Speaking Tuesday after holding peace talks with top Islamic leaders, Parliament Speaker Sharif Hassan Sheik Aden said the weak but internationally recognized government and the Islamic group could combine to try to bring peace to Somalia, a country shattered by 15 years of civil war. Aden, though, met with Islamic leaders without the authorization of the transitional government.

Arab and African mediators had hoped to work out some kind of accommodation between the government and its Islamic rivals in failed peace talks in Khartoum, Sudan. During those talks, which collapsed last week, officials close to both sides said the Islamic forces would be offered the post of prime minister.

Both sides have been in a tense standoff amid fears of an all-out conflict. Aden called for Islamic militia to pull back from outside Baidoa, 250 kilometers (150 miles) northwest of the capital, Mogadishu. Baidoa is the only town the government controls.

"We have to solve our problem ourselves and combine the transitional government and the Islamic courts," Aden told journalists after four hours of talks with the leader of the Islamic movement, Sheik Hassan Dahir Aweys, and a senior Islamic official, Sheik Sharif Sheikh Ahmed.

Aweys said during the meeting that peace talks held outside of Somalia would never bring stability to the country. "No one will gain power in Somalia through Ethiopia, but through the support of people," added Ahmed, referring to Ethiopia's backing of the government.

It was unclear how they would combine, however they agreed to continue talks and involve Somali intellectuals and interest groups to see how a joint administration could be formed.

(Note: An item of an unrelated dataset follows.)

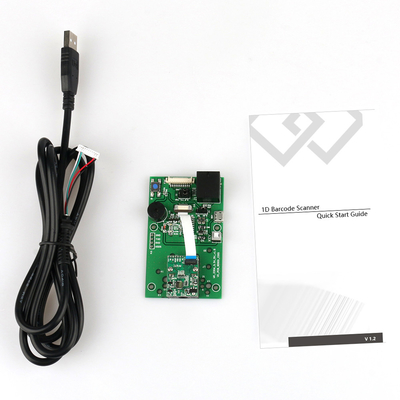 32ビットCPU 1D CCDバーコードスキャナーモジュール OEM USB TTLインターフェイス DE1400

Islamic leaders did not say whether they would pull back their militia from the outskirts of Baidoa.

The transitional government has accused Aden of breaking ranks and trying to further undermine it.

Aden is considered the leader in the government who is most sympathetic to the Islamic movement, which the United States accuses of having ties to al-Qaida. His decision to hold talks without the cooperation of the prime minister and president was seen as a direct challenge to their authority and could lead to the collapse of the government.

Somalia has not had an effective government since 1991, when warlords overthrew a dictator and then turned on one another. The government was formed with the help of the U.N. two years ago, but has struggled to assert its authority.

Islamic militants, meanwhile, have been rising since June and now control the capital and most of the country's south.

Experts say Somalia could become a proxy battleground for neighboring Eritrea and Ethiopia. Eritrea, which broke away from Ethiopia in a 1961-91 civil war and fought a 1998-2000 border war with its rival, supports the Islamic militia. Ethiopia backs the interim government.

A confidential U.N. report obtained recently by The Associated Press said 6,000-8,000 Ethiopian troops are in Somalia or along the border. It also said 2,000 soldiers from Eritrea were inside Somalia. Eritrea denies having any troops in Somalia, while Ethiopia insists it has sent only a few hundred advisers.

Late last week, the U.S. Embassy in Nairobi, Kenya, warned that extremists in Somalia were planning suicide attacks in Kenya and Ethiopia.

Aweys, the Islamic leader, said Sunday that the reports were untrue.